Apart from Warner Bros., the film industry doesn't care about technical specifications for high-def DVD, as long as there aren't competing formats. In mid-June, a panel at the second annual Home Entertainment Summit in Los Angeles urged hardware makers to stop squabbling over technical details and agree on a single standard for a high-definition optical disc format.
The film industry fears an impending wave of piracy similar to that which has battered the music industry. Agreement on a high-def standard with strong copy protection would help Hollywood weather the coming storm, panelists said. Hastings Entertainment chief John Marmaduke, former president of the National Association of Recording Merchandisers (NARM) and current director on the board of Video Software Dealers Association (VSDA), spoke for most of his colleagues when he told reporters, "We don't care what color it is—blue, red, yellow, or orange—we just want one color so as not to confuse the consumer, or the movie industry will end up looking like the idiots in the music industry do today."

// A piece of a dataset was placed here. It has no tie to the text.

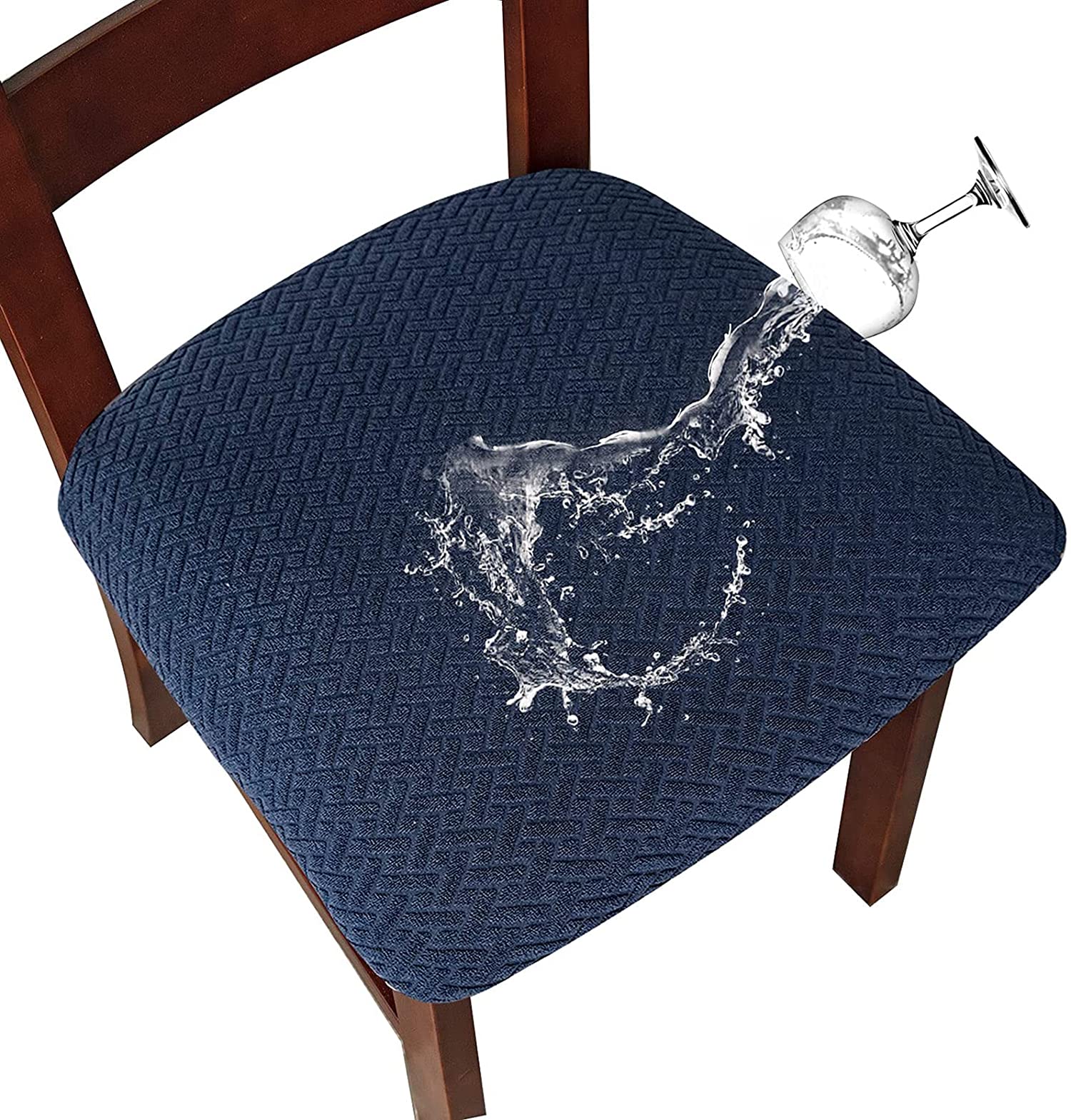 LANSHENG Waterproof Dining Chair Seat Covers Set of 6, Navy Blue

Former Warner Home Video chief Warren Lieberfarb, an instrumental player in the rollout of the open-format DVD, reiterated Marmaduke's message. He stated that "the home entertainment industry should take a lesson from the music business and migrate out of standard-definition to high-definition DVD immediately in order to advance piracy controls," according to a June 19 piece in the Hollywood Reporter. Sony's high-def, high-capacity Blu-ray DVD technology could appear in consumer products as early as first-quarter 2004.